_Your goal_
Print only the closing part of the entries. It starts at the line containing "NIB Air/Aroma Fairmont" and includes the final line, exactly as written.

[Data extracted from a collection]
+++

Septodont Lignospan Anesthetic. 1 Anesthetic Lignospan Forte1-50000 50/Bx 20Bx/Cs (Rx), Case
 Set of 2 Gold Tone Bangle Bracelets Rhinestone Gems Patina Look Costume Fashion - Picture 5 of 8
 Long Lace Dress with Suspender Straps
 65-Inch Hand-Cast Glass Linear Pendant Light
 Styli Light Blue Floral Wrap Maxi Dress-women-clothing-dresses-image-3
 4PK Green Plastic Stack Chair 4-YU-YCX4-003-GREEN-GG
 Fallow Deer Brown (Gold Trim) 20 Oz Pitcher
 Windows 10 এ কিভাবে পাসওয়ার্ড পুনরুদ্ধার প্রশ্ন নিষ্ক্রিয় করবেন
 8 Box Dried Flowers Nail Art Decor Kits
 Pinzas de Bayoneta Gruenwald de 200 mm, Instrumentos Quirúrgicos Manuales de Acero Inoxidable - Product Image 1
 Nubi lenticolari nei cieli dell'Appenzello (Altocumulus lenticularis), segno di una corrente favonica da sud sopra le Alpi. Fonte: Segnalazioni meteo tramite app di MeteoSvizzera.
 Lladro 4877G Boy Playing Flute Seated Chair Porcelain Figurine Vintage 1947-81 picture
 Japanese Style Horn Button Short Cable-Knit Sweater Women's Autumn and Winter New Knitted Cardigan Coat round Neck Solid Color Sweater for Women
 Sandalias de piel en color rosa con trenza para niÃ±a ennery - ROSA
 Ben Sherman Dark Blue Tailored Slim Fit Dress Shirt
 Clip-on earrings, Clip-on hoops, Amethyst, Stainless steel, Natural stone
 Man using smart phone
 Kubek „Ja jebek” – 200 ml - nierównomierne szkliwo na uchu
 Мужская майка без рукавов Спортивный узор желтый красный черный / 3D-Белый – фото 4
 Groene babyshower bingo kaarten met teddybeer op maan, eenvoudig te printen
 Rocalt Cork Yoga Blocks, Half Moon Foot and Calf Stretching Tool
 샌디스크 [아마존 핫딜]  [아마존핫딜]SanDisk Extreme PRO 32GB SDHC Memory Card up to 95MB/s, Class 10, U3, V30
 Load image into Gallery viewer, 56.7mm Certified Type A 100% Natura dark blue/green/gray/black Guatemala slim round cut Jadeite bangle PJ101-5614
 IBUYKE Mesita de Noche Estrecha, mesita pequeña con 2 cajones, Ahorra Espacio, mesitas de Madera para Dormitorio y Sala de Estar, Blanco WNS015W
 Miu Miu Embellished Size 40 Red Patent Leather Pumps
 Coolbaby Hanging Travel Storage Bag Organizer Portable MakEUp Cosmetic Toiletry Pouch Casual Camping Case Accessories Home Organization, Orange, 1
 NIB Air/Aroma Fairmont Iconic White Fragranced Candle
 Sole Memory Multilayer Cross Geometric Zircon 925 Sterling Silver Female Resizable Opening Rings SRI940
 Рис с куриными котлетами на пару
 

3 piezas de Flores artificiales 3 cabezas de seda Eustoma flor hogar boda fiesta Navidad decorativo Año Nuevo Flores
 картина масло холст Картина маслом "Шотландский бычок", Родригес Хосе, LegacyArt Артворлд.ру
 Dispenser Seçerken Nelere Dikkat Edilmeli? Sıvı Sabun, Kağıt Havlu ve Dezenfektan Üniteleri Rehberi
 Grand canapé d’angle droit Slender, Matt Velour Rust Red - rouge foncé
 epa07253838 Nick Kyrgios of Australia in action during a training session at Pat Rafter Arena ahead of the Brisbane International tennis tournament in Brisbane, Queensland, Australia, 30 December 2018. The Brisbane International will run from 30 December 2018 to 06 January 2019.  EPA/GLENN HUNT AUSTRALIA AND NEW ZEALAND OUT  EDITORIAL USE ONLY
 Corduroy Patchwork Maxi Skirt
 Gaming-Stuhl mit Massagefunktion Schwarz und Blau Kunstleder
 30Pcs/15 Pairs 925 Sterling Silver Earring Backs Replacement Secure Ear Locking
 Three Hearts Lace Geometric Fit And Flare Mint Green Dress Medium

+++

_Reply to the exercise_
 NIB Air/Aroma Fairmont Iconic White Fragranced Candle
 Sole Memory Multilayer Cross Geometric Zircon 925 Sterling Silver Female Resizable Opening Rings SRI940
 Рис с куриными котлетами на пару
 

3 piezas de Flores artificiales 3 cabezas de seda Eustoma flor hogar boda fiesta Navidad decorativo Año Nuevo Flores
 картина масло холст Картина маслом "Шотландский бычок", Родригес Хосе, LegacyArt Артворлд.ру
 Dispenser Seçerken Nelere Dikkat Edilmeli? Sıvı Sabun, Kağıt Havlu ve Dezenfektan Üniteleri Rehberi
 Grand canapé d’angle droit Slender, Matt Velour Rust Red - rouge foncé
 epa07253838 Nick Kyrgios of Australia in action during a training session at Pat Rafter Arena ahead of the Brisbane International tennis tournament in Brisbane, Queensland, Australia, 30 December 2018. The Brisbane International will run from 30 December 2018 to 06 January 2019.  EPA/GLENN HUNT AUSTRALIA AND NEW ZEALAND OUT  EDITORIAL USE ONLY
 Corduroy Patchwork Maxi Skirt
 Gaming-Stuhl mit Massagefunktion Schwarz und Blau Kunstleder
 30Pcs/15 Pairs 925 Sterling Silver Earring Backs Replacement Secure Ear Locking
 Three Hearts Lace Geometric Fit And Flare Mint Green Dress Medium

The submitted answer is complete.